IV.3.1: Environmental Regulation in the Russian Arctic.

By R. Douglas Brubaker, The Fridtjof Nansen Institute, Lysaker, Norway.

In Working Paper No. 79, "Environmental Regulation in the Russian Arctic," recommendations are forwarded corresponding to and closely related to those forwarded in the Working Paper, No. 52, "Jurisdiction Governing the Straits in Russian Arctic Waters." In order to increase world order and reduce tension, a law of the sea Conference should be convened, including delegations from the Foreign Ministries of the Arctic littoral States and including non littoral Scandinavian States. The object would be to resolve those issues exhibiting most dissension between the Russian Arctic regime and LOSC Article 234, coastal State jurisdiction in ice-covered areas. These issues are the possible application of the Russian regime to the high seas, application to public vessels, mandatory and discriminatory fees, and interface with the international straits regime.

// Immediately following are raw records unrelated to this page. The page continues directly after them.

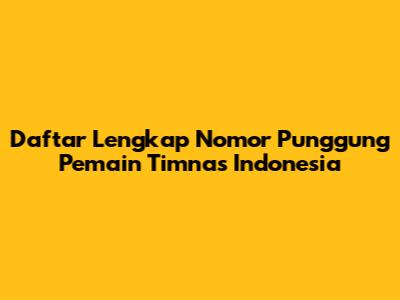 Daftar Lengkap Nomor Punggung Pemain Timnas Indonesia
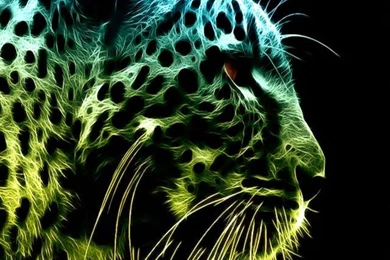 Colorful tiger iphone 4 wallpaper.jpg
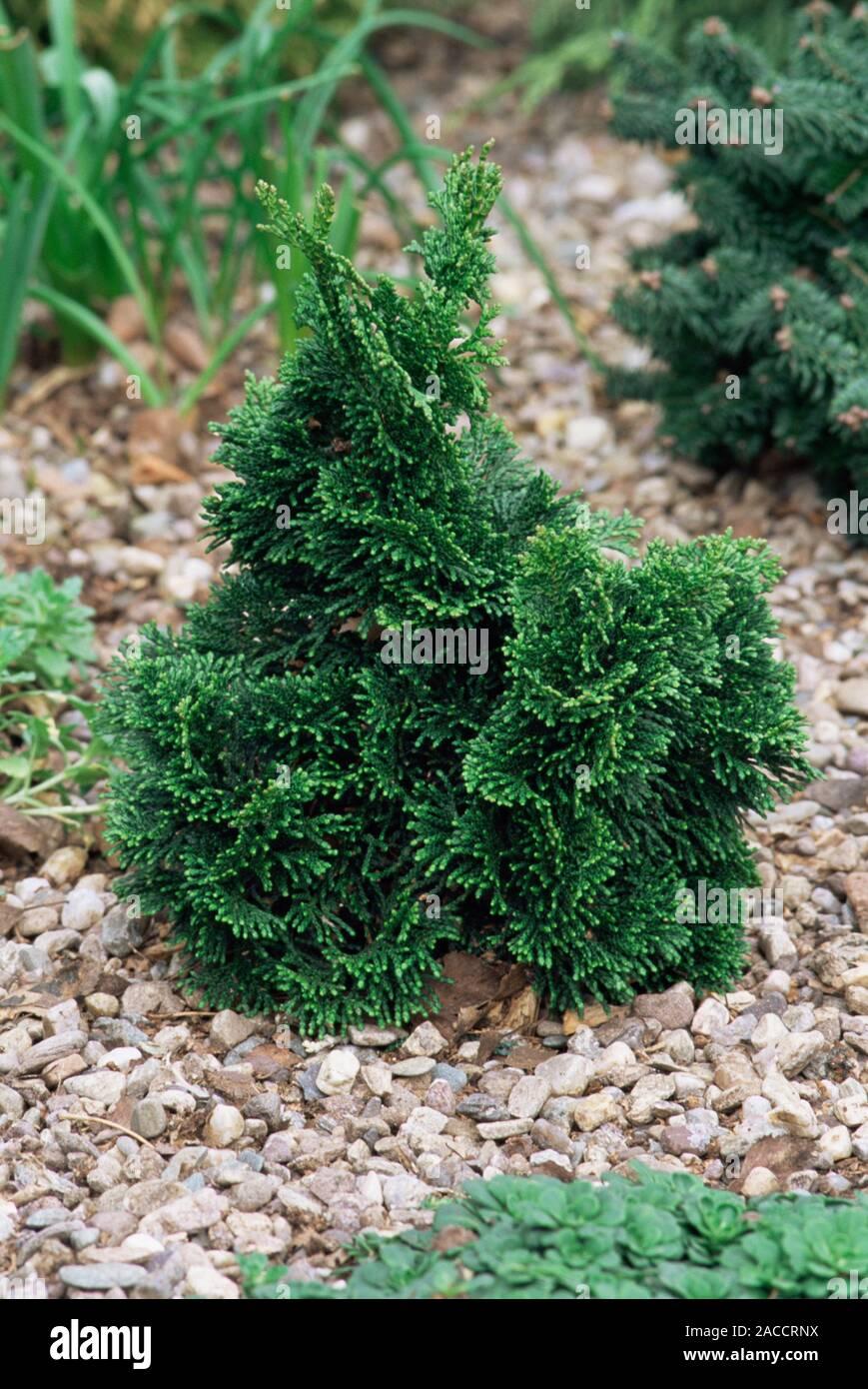 Chamaecyparis Obtusa Gracilis Compacta - View 5 from www redcrocus com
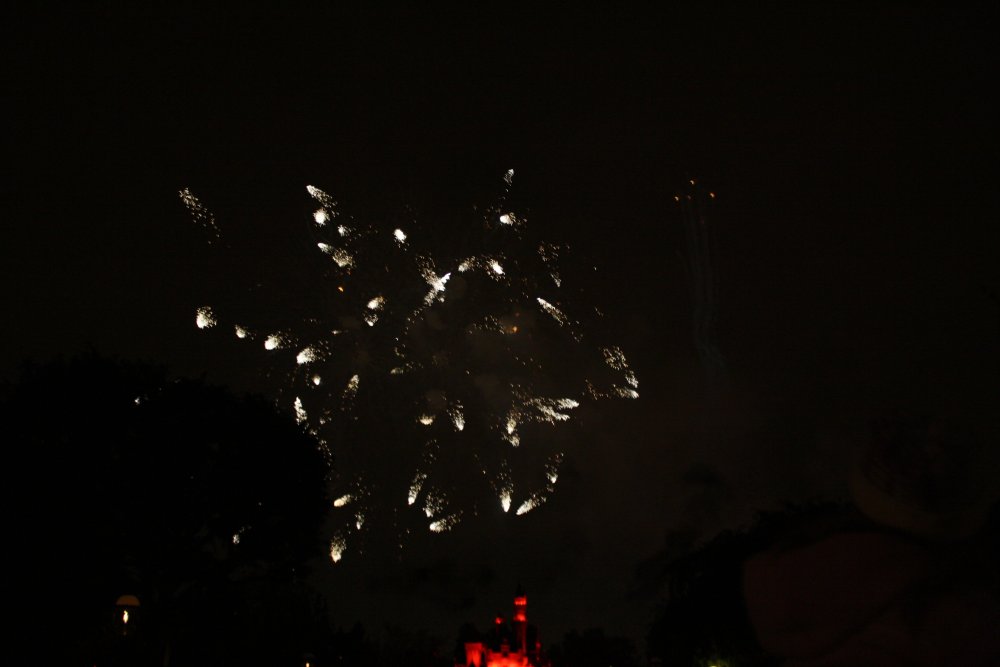 Disney 202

Surface passage by public vessels is exempt under LOSC Article 236, yet could still be agreed at the Conference to be made subject to the vague condition of compliance with LOSC environmental provisions, if operational capabilities are not impaired and if "reasonable and practical." The sensitive issue of submarine passage need not be mentioned. At the same time especially Russian military activities at sea, but also the U.S., might be influenced in a more environmentally positive light, building upon the trilateral military agreement for the Kara Sea between Russia, Norway and the U.S. It is maintained resolving several of the Arctic environmental issues closely tied to the jurisdictional issues is a more satisfactory and stable solution over time than physically "testing" the Russian regime, similar to the U.S. Freedom of Navigation program (FON) and possibly other State practice. As a representative from the U.S. Navy notes, negotiated agreements are much more stable in the long run than "unilateral assertions of rights premised on the process of claim and counterclaim of customary international law."